- Claytonia, Idaho Location within the state of Idaho Claytonia, Idaho Claytonia, Idaho (the United States)
- Coordinates: 43°34′03″N 116°49′59″W﻿ / ﻿43.56750°N 116.83306°W
- Country: United States
- State: Idaho
- County: Owyhee
- Elevation: 2,254 ft (687 m)
- Time zone: UTC-7 (Mountain (MST))
- • Summer (DST): UTC-6 (MDT)
- ZIP codes: 83639
- Area codes: 208, 986
- GNIS feature ID: 396299

= Claytonia, Idaho =

Unincorporated community in the state of Idaho, United States

Claytonia is an unincorporated community in Owyhee County in the southwestern part of the U.S. state of Idaho.

The community is located less than 2 mi northwest of Marsing and 13 mi west of Nampa. The Snake River flows east of the settlement.

==History==
Claytonia was named for an early resident.

Irrigation was brought to the area in 1913, and settlement followed. Many stores were opened in the area, though only the store in Claytonia "stayed open for a decent amount of time".

A post office operated in Claytonia from 1914 to 1918.
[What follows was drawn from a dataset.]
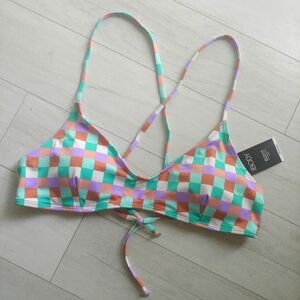 Cotton On BODY Multi Check Scoop Triangle Bikini Top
Claytonia was a station along the "Homedale, Idaho" branch of the Union Pacific Railroad. The line is now abandoned. The railway operated a gravel pit in Claytonia, with the gravel used for track construction. The gravel pit was abandoned, and later reclaimed as a recreational area filled with ground and ditch water, and called Claytonia Pond. The pond is used as a fish habitat, and contains catfish, bluegill, and largemouth bass.